Work order: In the entries below, the lines from the one with "71 In. 17 Cu." through the one with "Quarut Large Plastic" are to be copied exactly; both ends count.
*** Records for this exercise Section Begins ***
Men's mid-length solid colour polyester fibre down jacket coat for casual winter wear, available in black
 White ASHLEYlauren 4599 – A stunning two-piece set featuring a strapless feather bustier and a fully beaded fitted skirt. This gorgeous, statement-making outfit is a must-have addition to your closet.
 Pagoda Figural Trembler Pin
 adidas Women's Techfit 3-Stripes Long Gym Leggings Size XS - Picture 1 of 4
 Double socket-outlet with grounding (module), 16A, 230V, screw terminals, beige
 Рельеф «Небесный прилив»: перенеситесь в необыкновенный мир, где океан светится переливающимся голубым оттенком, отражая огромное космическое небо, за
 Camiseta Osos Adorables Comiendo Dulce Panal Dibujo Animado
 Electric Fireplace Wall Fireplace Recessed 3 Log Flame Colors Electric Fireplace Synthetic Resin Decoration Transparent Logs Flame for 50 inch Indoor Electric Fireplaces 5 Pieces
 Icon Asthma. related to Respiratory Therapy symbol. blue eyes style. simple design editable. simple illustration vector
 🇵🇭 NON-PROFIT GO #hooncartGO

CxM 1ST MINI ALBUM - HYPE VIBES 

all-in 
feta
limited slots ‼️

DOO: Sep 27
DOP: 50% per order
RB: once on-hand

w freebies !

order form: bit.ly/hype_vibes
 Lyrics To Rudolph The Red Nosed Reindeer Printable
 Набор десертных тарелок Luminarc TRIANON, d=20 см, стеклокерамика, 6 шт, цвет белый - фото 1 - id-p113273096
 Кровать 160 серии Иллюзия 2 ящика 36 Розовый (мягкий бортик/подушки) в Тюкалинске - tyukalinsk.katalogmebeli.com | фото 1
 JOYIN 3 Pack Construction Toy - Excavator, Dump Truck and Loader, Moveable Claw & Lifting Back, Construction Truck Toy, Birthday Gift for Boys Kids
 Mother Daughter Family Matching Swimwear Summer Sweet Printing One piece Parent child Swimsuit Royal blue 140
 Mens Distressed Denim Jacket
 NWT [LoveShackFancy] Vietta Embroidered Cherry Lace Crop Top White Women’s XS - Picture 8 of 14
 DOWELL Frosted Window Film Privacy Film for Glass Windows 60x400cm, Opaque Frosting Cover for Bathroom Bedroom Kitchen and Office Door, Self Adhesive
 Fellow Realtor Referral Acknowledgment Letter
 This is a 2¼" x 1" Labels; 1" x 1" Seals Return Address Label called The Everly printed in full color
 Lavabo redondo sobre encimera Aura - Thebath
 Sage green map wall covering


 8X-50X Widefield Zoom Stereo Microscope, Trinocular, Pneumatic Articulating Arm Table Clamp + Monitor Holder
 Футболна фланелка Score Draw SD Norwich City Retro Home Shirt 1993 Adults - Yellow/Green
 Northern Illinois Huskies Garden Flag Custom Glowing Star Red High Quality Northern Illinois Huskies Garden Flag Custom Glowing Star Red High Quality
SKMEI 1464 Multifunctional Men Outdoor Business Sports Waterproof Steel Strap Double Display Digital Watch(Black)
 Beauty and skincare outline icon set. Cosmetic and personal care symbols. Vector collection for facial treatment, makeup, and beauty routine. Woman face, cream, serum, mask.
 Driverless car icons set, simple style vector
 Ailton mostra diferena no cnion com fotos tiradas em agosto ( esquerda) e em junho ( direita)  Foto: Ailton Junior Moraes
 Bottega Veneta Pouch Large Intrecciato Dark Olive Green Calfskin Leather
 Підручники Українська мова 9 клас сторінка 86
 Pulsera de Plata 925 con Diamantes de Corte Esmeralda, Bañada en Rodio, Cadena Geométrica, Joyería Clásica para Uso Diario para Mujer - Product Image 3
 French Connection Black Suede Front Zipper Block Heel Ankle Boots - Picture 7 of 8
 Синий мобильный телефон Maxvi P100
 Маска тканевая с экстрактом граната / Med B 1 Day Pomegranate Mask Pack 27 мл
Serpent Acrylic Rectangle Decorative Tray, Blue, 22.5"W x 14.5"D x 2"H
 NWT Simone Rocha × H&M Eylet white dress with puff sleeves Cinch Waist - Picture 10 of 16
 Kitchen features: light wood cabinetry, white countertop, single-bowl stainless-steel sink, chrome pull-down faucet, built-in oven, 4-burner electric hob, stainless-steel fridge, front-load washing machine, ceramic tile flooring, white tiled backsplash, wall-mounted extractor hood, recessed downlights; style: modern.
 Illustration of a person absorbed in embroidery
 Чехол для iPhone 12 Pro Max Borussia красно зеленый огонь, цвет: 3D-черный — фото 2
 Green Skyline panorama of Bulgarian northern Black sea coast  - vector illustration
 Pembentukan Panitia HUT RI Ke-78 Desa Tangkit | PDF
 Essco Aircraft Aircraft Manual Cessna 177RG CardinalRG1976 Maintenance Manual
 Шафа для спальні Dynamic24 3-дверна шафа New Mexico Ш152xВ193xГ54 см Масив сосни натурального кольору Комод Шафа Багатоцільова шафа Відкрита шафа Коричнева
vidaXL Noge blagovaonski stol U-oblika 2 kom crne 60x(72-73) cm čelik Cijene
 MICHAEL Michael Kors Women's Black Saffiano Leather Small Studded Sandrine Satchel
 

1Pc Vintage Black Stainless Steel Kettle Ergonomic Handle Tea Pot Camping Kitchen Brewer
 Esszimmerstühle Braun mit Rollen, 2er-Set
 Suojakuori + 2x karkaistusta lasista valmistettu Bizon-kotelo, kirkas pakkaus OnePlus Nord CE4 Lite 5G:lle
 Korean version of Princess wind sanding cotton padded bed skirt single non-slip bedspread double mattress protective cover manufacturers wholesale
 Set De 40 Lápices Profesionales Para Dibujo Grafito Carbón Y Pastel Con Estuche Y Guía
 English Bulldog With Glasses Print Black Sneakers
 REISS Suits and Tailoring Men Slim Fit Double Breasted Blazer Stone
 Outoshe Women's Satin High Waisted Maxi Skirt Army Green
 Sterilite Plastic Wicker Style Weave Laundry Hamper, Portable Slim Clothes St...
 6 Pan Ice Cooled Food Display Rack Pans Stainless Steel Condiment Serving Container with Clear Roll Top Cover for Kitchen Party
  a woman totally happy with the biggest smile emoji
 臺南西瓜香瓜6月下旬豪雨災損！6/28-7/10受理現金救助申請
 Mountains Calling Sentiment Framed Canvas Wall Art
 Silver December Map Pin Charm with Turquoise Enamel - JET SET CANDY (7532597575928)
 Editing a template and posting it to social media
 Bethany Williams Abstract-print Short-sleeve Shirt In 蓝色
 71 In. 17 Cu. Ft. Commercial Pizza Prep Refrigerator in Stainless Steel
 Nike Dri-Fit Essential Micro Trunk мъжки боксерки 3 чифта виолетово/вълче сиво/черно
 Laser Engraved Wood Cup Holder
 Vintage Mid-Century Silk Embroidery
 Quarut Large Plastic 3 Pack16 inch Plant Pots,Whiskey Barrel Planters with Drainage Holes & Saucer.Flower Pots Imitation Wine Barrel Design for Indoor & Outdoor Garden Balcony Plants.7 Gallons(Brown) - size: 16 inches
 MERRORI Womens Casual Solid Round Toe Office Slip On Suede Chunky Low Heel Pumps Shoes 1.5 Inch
*** Records for this exercise Section Ends ***
Exercise solution:
 71 In. 17 Cu. Ft. Commercial Pizza Prep Refrigerator in Stainless Steel
 Nike Dri-Fit Essential Micro Trunk мъжки боксерки 3 чифта виолетово/вълче сиво/черно
 Laser Engraved Wood Cup Holder
 Vintage Mid-Century Silk Embroidery
 Quarut Large Plastic 3 Pack16 inch Plant Pots,Whiskey Barrel Planters with Drainage Holes & Saucer.Flower Pots Imitation Wine Barrel Design for Indoor & Outdoor Garden Balcony Plants.7 Gallons(Brown) - size: 16 inches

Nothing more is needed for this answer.